[Work to be completed]:
Each record is to be printed again exactly, though not its pictures.

Records drawn from a dataset
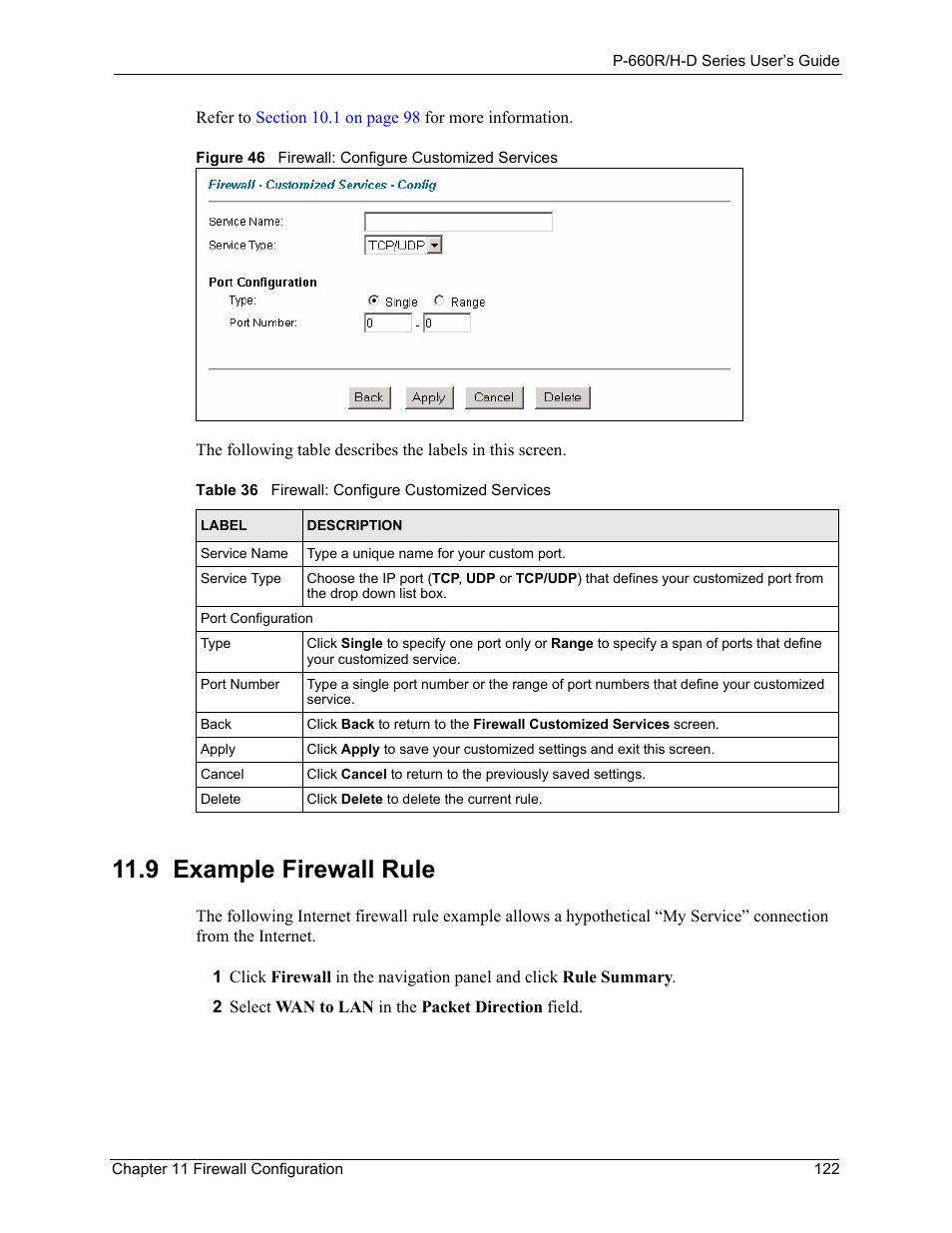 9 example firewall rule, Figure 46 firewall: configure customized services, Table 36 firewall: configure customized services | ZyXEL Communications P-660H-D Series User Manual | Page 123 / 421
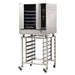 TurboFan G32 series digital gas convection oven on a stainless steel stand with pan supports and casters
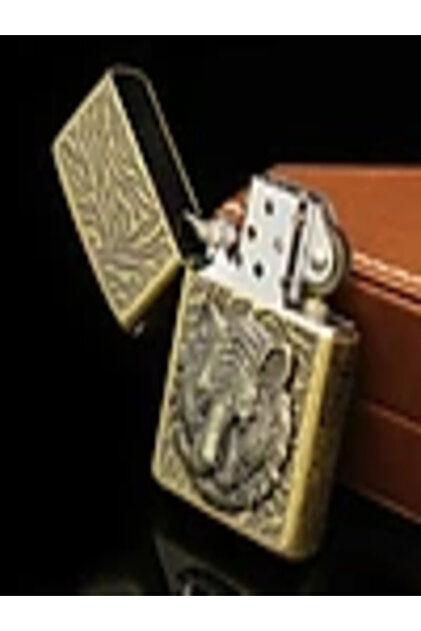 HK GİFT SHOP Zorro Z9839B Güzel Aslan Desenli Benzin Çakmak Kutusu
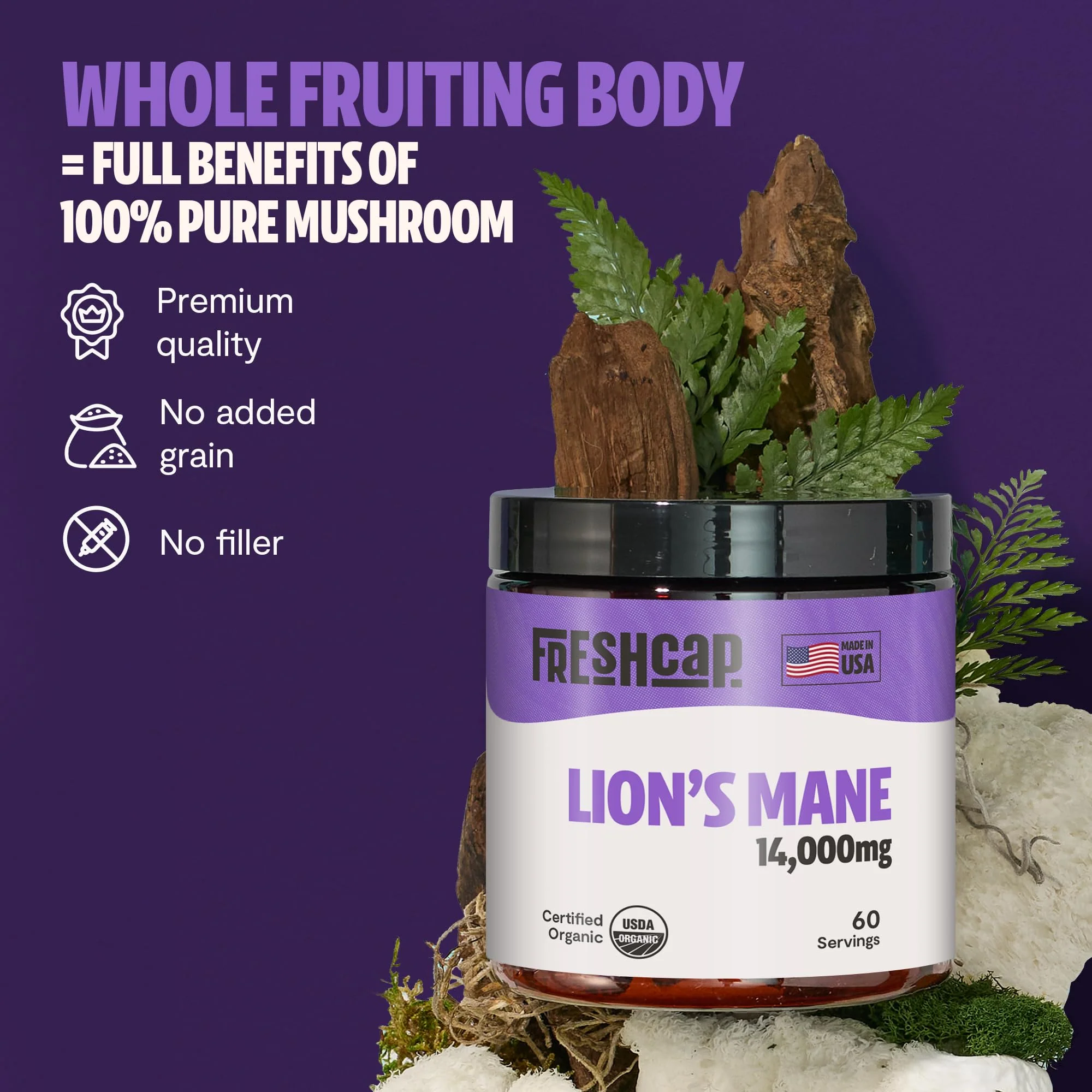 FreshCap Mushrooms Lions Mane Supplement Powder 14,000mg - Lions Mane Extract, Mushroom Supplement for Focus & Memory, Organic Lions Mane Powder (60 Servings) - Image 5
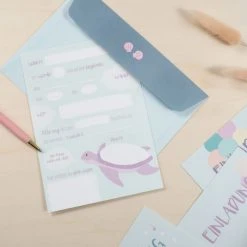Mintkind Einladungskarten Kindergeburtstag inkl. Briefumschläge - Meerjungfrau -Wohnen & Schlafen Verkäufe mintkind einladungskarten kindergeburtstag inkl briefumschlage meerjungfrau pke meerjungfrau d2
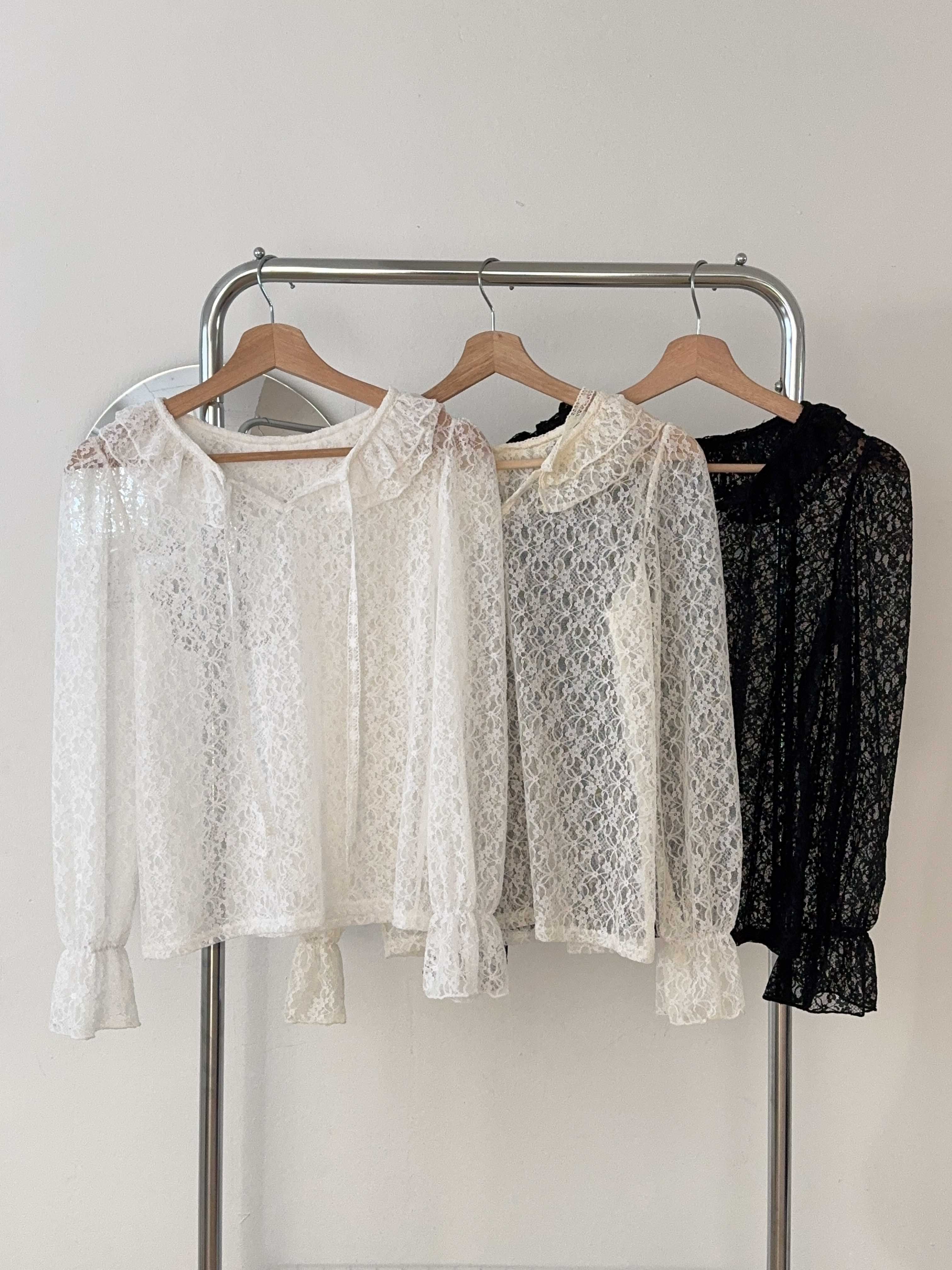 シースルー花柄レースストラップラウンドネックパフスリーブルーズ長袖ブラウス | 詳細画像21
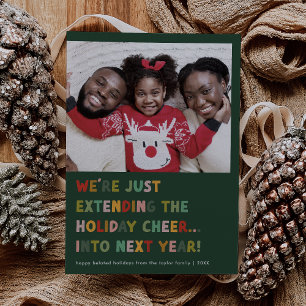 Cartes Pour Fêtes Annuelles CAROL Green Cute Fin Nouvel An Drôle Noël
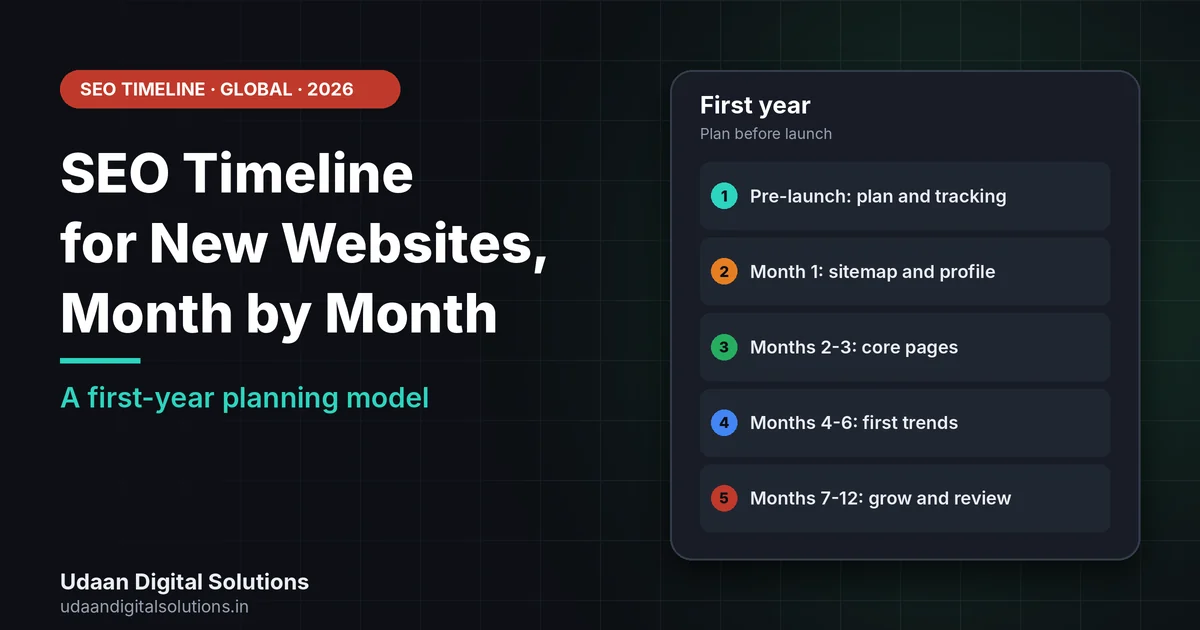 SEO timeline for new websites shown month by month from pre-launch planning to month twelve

[Your response]:
 9 example firewall rule, Figure 46 firewall: configure customized services, Table 36 firewall: configure customized services | ZyXEL Communications P-660H-D Series User Manual | Page 123 / 421
 TurboFan G32 series digital gas convection oven on a stainless steel stand with pan supports and casters
 HK GİFT SHOP Zorro Z9839B Güzel Aslan Desenli Benzin Çakmak Kutusu
 FreshCap Mushrooms Lions Mane Supplement Powder 14,000mg - Lions Mane Extract, Mushroom Supplement for Focus & Memory, Organic Lions Mane Powder (60 Servings) - Image 5
Mintkind Einladungskarten Kindergeburtstag inkl. Briefumschläge - Meerjungfrau -Wohnen & Schlafen Verkäufe mintkind einladungskarten kindergeburtstag inkl briefumschlage meerjungfrau pke meerjungfrau d2
 シースルー花柄レースストラップラウンドネックパフスリーブルーズ長袖ブラウス | 詳細画像21
 Cartes Pour Fêtes Annuelles CAROL Green Cute Fin Nouvel An Drôle Noël
 SEO timeline for new websites shown month by month from pre-launch planning to month twelve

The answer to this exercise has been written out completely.